When you reach the line containing "Tutto bene bokacsizma" in the records below, set it down exactly, together with every later line through the end, but not the pictures.

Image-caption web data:
--- START ---

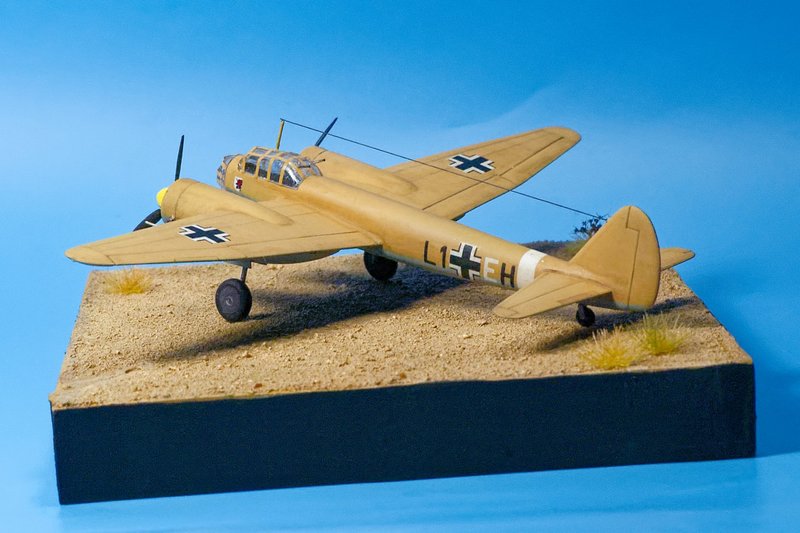 Junkers-Ju-88-A-1-144-Academy-004.jpg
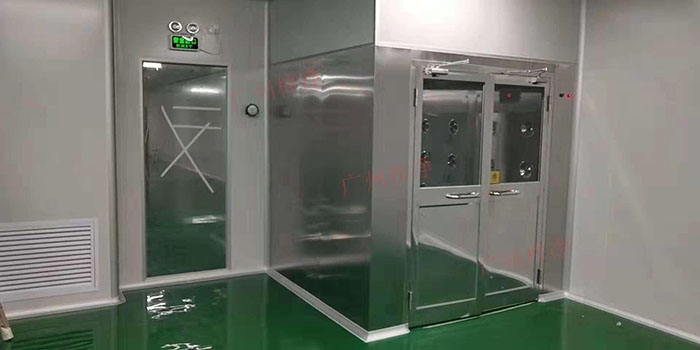 風(fēng)淋室原理是通過強效空氣射流對人員或物品進行表面吹淋，以去除附著在表面上的塵埃和微生物。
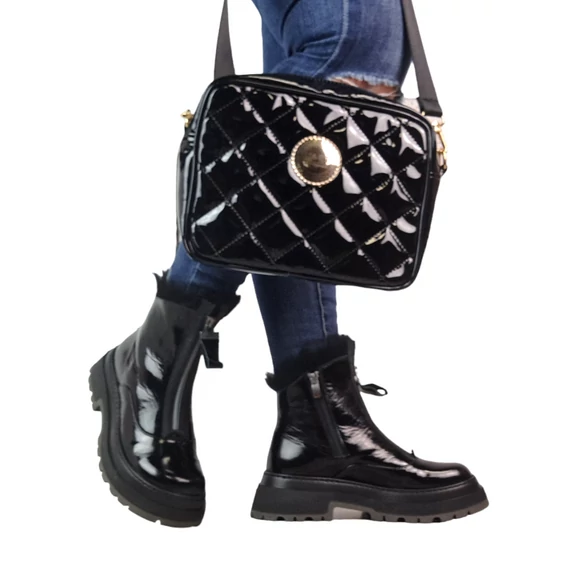 Tutto bene bokacsizma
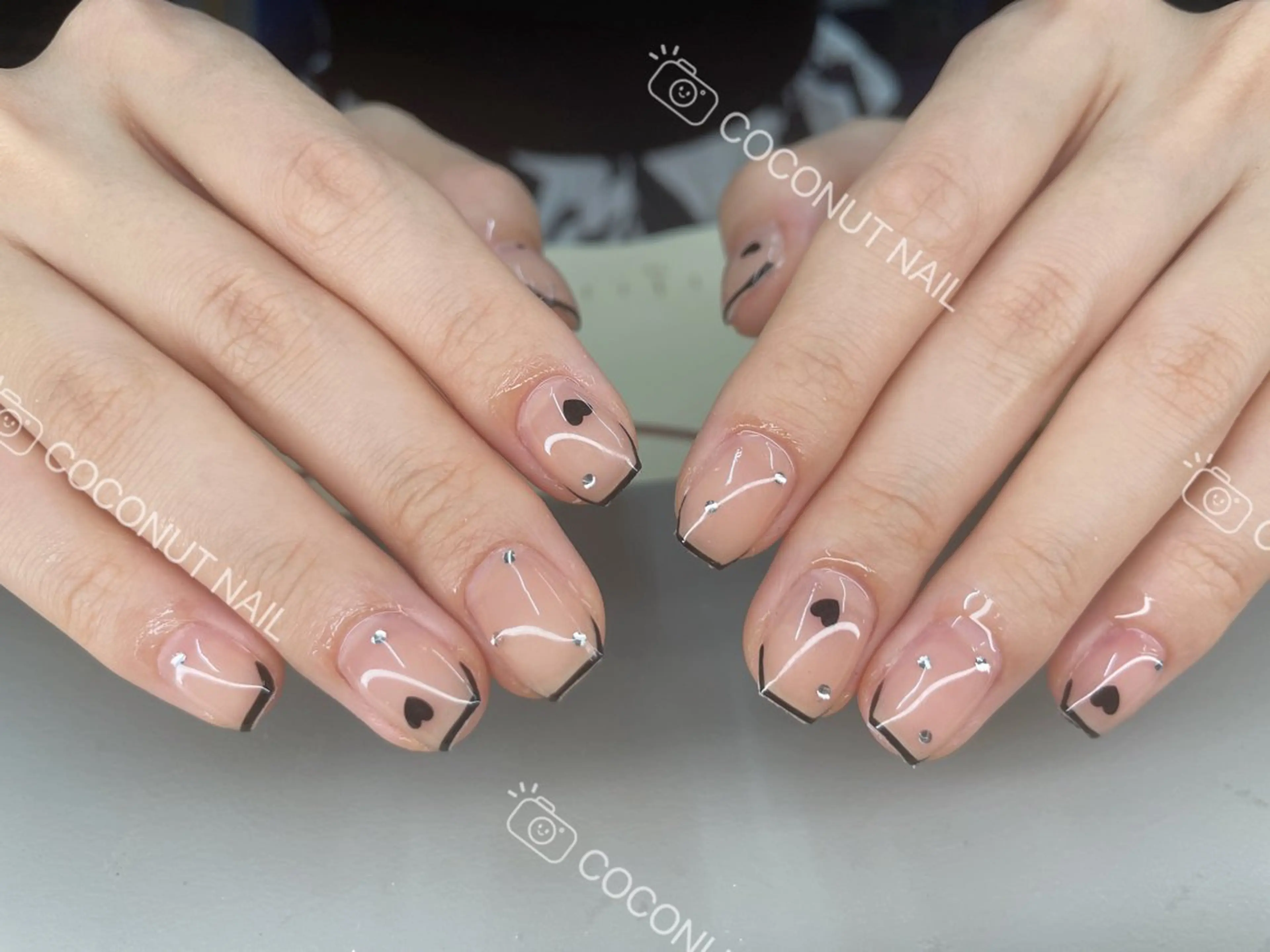 ネイル ハンドネイル 神田 ココナッツのネイルデザイン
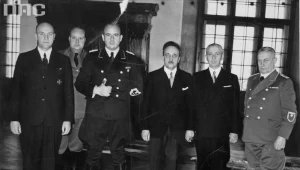 Członkowie zarządu Polskiego Banku Emisyjnego u gubernatora Hansa Franka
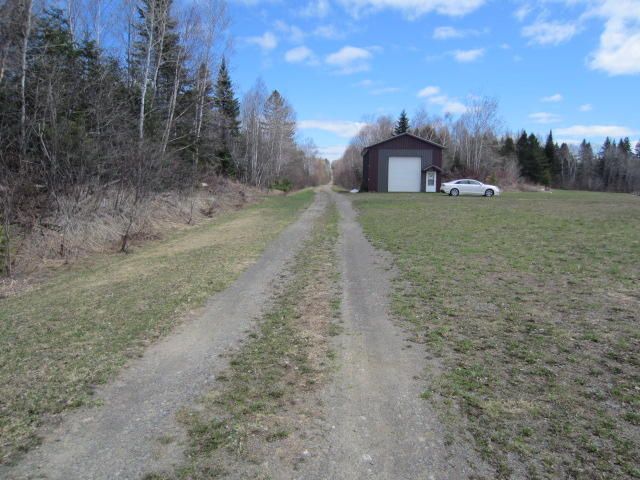 29 Sawmil Lane, Island Falls, ME 04747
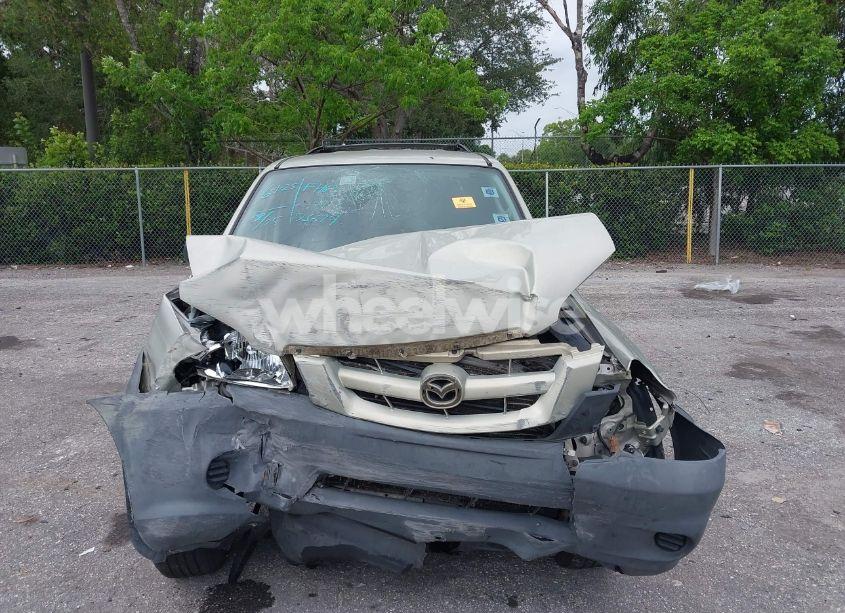 Photo 6 of 2006 Mazda Tribute I (VIN 4F2YZ02Z96KM02679)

--- END ---

OUTPUT OF THE EXERCISE:
 Tutto bene bokacsizma
 ネイル ハンドネイル 神田 ココナッツのネイルデザイン
 Członkowie zarządu Polskiego Banku Emisyjnego u gubernatora Hansa Franka
 29 Sawmil Lane, Island Falls, ME 04747
 Photo 6 of 2006 Mazda Tribute I (VIN 4F2YZ02Z96KM02679)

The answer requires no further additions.